According to Blue Orb info it is standard practice to turn down the valleys at the very end of the sheets by using a pair of multigrips or a shifting spanner, gripping about 20mm in from the end, then turning down as far as possible. Snipping the sheets is not needed or recommended. 
I think that might fix the drips. See  http://www.steelselect.com/download_...file.php?id=47 
Cheers

----------


## rrobor

How about painting the roof. Dad bought second hand corrugated sheets which were from a large WW2 warehouse in UK. The sheet wasnt galvo and the metal was paper thin. What they had though was layers of paper glued on with bitumen. The shed he built from it lasted into the 90. So some bitumen paint and the daily mail, when thats dry, paint to colour of choice.

----------


## Tools

> Hi, 
> This is at the very end of the roof sheeting, not where the sheets overlap, right? 
> According to Blue Orb info it is standard practice to turn down the valleys at the very end of the sheets by using a pair of multigrips or a shifting spanner, gripping about 20mm in from the end, then turning down as far as possible. Snipping the sheets is not needed or recommended. 
> I think that might fix the drips. See  http://www.steelselect.com/download_...file.php?id=47 
> Cheers

  I think you will  find that is for the top end, not the bottom. 
Tools

----------


## bklooger

mate two things you can try
1/ install a flashing dropping over the back of the spouting and running under the roof sheet it will make the water run off into the spouting 
2/ drill a hole in the bottom of the corrugation over the spouting and hit it out with a prick punch. it will make the water drip off straight down  
both of these suggestions may fix your problem however without looking at the job its hard to tell what else might be needed 
cheers 
brad

----------


## GeoffW1

> I think you will find that is for the top end, not the bottom. 
> Tools

  No. Turn UP at the top end, turn down at the bottom. 
Cheers

----------


## Pulse

If custom orb is at 3 degrees it will probably always have these problems, turning down might help a bit, as will flashing into the gutter. I've also seen people run a small bead of silicone under the end of the sheet, 0.5cm from the end as a drip edge. 
Cheers
Pulse

----------


## finger

My roof pitch is roughly the same. 5 degrees tops.

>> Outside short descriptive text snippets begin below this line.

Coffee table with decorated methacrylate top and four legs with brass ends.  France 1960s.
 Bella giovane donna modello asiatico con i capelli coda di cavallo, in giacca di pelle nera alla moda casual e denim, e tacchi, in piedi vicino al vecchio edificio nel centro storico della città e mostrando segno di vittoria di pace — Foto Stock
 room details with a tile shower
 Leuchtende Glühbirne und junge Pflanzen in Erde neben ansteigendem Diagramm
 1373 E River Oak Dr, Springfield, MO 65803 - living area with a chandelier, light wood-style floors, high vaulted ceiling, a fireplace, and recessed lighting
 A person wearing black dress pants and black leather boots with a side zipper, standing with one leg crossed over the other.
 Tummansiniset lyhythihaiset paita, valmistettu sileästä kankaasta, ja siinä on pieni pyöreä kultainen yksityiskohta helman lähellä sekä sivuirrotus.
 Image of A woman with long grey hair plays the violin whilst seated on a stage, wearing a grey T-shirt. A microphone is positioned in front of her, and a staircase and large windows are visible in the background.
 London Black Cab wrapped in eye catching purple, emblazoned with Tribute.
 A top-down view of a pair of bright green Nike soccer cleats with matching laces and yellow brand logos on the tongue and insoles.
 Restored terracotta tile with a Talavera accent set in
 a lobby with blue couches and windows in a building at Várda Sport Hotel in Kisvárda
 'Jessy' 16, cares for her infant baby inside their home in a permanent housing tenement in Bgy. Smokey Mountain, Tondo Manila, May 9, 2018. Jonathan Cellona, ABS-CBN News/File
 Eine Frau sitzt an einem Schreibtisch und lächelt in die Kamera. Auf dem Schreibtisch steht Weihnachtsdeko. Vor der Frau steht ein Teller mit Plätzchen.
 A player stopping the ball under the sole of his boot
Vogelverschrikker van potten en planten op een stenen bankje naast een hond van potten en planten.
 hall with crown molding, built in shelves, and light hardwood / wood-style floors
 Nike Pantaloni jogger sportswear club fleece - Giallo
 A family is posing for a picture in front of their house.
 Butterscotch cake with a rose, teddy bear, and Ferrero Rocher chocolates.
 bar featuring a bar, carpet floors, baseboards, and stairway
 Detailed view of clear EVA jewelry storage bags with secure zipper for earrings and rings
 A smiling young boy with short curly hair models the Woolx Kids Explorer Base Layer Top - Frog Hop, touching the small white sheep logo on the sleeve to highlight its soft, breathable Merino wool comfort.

When it rained it use to run down the fascia. Plumber turned down all the valleys and no more water running down the fascia, although he did turn them down too far and it tore the sheets. A couple of spots are starting to show signs of surface rust. I figure by the time it gets bad I'll be getting the roof re-sheeted anyway.

----------


## sailezzy

Thanks so much for the replies. I've turned down the ends of the valleys to create a drip edge and tested with the hose and all seems to be working ok so far. Unfortunately it did rip the sheet but I'm not too worried, I'll coat it with some cold gal which should protect it. BTW, Chipps, the eave linings are only new as is the facia and this is how I noticed the problem.  Previously there was no facia or eave linings and the brick walls of the garage were always wet when it rained but I thought this was from the rain hitting the walls or run off from the roof.  It’s a coast house that were only at on the weekends and haven’t had it that long either so didn’t have much opportunity to investigate what was going on.
<O :Tongue: </O :Tongue: Thanks again, Michael.

----------


## Tools

> No. Turn UP at the top end, turn down at the bottom. 
> Cheers

  This is done for deck,not corrugated.
Tools

----------


## Pulse

> This is done for deck,not corrugated.
> Tools

  lysaght in their 2008/9 manual on page 44 suggest for under 25 degree slopes then turn up the ends 
Cheers
Pulse

----------


## GeoffW1

> This is done for deck,not corrugated.
> Tools

  Better tell Lysaghts then ;-] 
From the Blue Orb Corrugated installation sheet: 
"Ends of sheets 
It is usual to allow roof sheets to overhang into gutters by about 50mm. The valleys of sheets should be turned-down at lower ends, and turned-up at upper ends" 
I would certainly agree that on steep pitches you could get away without that, or use infill strips under the ends to protect the eaves, but turning down is not confined to decking profiles for any reason. 
Cheers

----------


## Tools

Ok, I pull my head in. In 25 years I have never seen the bottom of the sheets turned down on corry. Always the top, but never the bottom. 
Tools

----------


## Tools

> lysaght in their 2008/9 manual on page 44 suggest for under 25 degree slopes then turn up the ends 
> Cheers
> Pulse

  The top end should be turned up no matter what the pitch. I was not contesting that. 
Tools

----------


## Pulse

sorry tools, misunderstood. 
As i recall they want you to turn down the bottom end if close to the 5 degree minimum, I've found it tends to tear the sheet though.. 
Pulse

----------


## jaytee

This is slightly removed from gal sheets, but my laserlight sheets drip or cause the spouting to drip, as I cant turn them down - any ideas on how to stop them dripping back? It is on a 3deg slope, am thinking of putting new rafters under to raise the fall
jt :Doh:

----------